You actually liked England when you arrived?

Of course I did. When I first came here, it was just like Alice In Wonderland. I’d never been on a train or anything. When I discovered I could get on a tube and go anywhere I wanted, I can’t tell you the wonderful taste of freedom that was.

But now you’re a living legend. “Freedom” of the tube-shuttling sort no longer exists, presumably.

Oh, sure it does. I was pretty smart by the time I got famous, you know, and frankly I don’t think any of it has ever affected me. There’s nowhere I won’t go alone. I’ll walk anywhere into anywhere and I’m never aware of feeling any sort of celebrity thing. That’s my freedom. And I’m not willing to relinquish that in any way, shape or form…But as for being a “living legend”, well, you know, I’ve only made six albums. I don’t think that constitutes a legend. But I suppose that anyone who passes 40 and they’re still here, that kind of gives you a legendary status in this game.

You are 42. Are you surprised that no one seems to have turned against you, said “Piss off, you silly old tart-fart?”

Talking about my husbands, hahaha? Oh, no, I’ve had some of that. I mean, we weren’t even reviewed at Glastonbury. The only review the music press gave us was “The Pretenders were on later but fuck them, I’ve waited 12 years to see the Manic Street Preachers”. But so what? Music is my hobby and…this is the problem with not dying young. How do you age gracefully and not become bitter? To me, that is one of the great goals to achieve. The principle of life is to enjoy it. But nobody you’ve ever met can get angrier faster than I can. I’m like a phenomenon.

Do you think your uncontained anger has had any effect on your “causes”, “animal rights, ain’t McDonalds hideous…”? I mean, has your voice helped to change anything?

Ha. Well, what I do aside from the music, my “causes”, does take away from my mystique of what people want a rock star to be. People want a rock star to be very confident, loaded, have a lot of sex and never get fat. Okay. But there has to be a higher purpose than that or I’m out of here, pal. And I know I have had an effect. I wouldn’t have believed it 25 years ago.
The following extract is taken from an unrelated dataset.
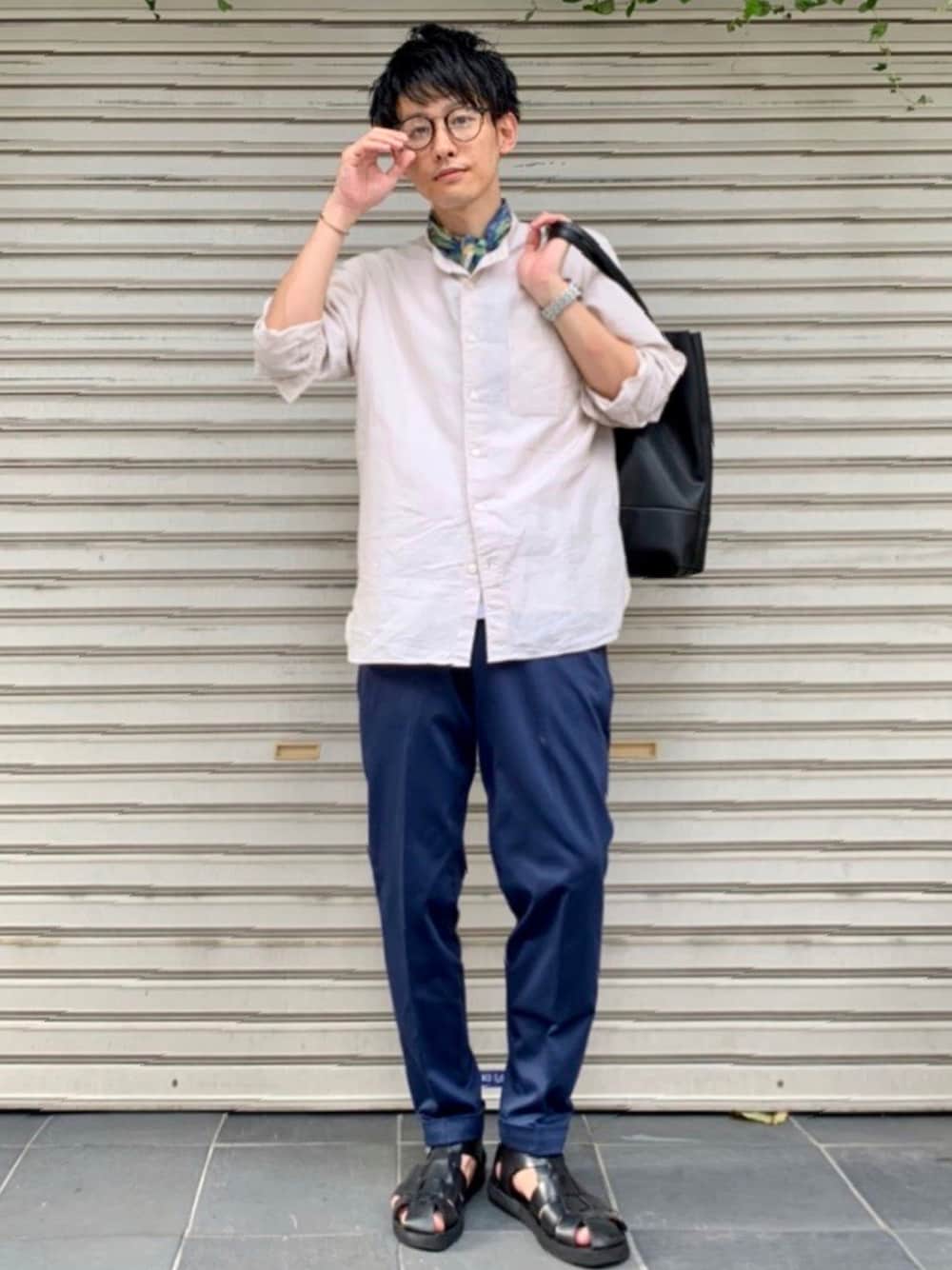 「シンプルコーデ、サングラス、きれいめカジュアル、UNIQLO、リネン、グリーン、カラーパンツ、メガネ男子、秋トレンド2021、低身長、30代、ゆるコーデ、大人カジュアル、キレイめ、夏コーデ」｜「EDIFICEのカルゼイージースラックス（スラックス、ブルー系）」を使った、ゆっきーさん（メンズ・165cm）の夏コーディネートの1枚目の写真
Twenty-five years ago when I said I was a vegetarian, people would look at me and say “Oh, are you getting special injections?” But I knew if anyone was weird, it certainly wasn’t me. To me this animal rights thing is my life’s work although it’s taken a back seat recently because I don’t like mixing the music with the causes; I see it as my job and I know that I’ve made a difference. I refuse any credit but I know that there are certain people who, when I say things in People magazine like “If you’re going to eat someone’s baby, why don’t you eat your own?”, they think to themselves “Too fucking right!” And I can’t go anywhere without someone coming up to me and telling me they are starting up a vegan restaurant or something like that. And that gives me more satisfaction than anything I’ve done in the music business. I’m not a proud person but I feel grateful that I have been instrumental in something that is, er…worthy.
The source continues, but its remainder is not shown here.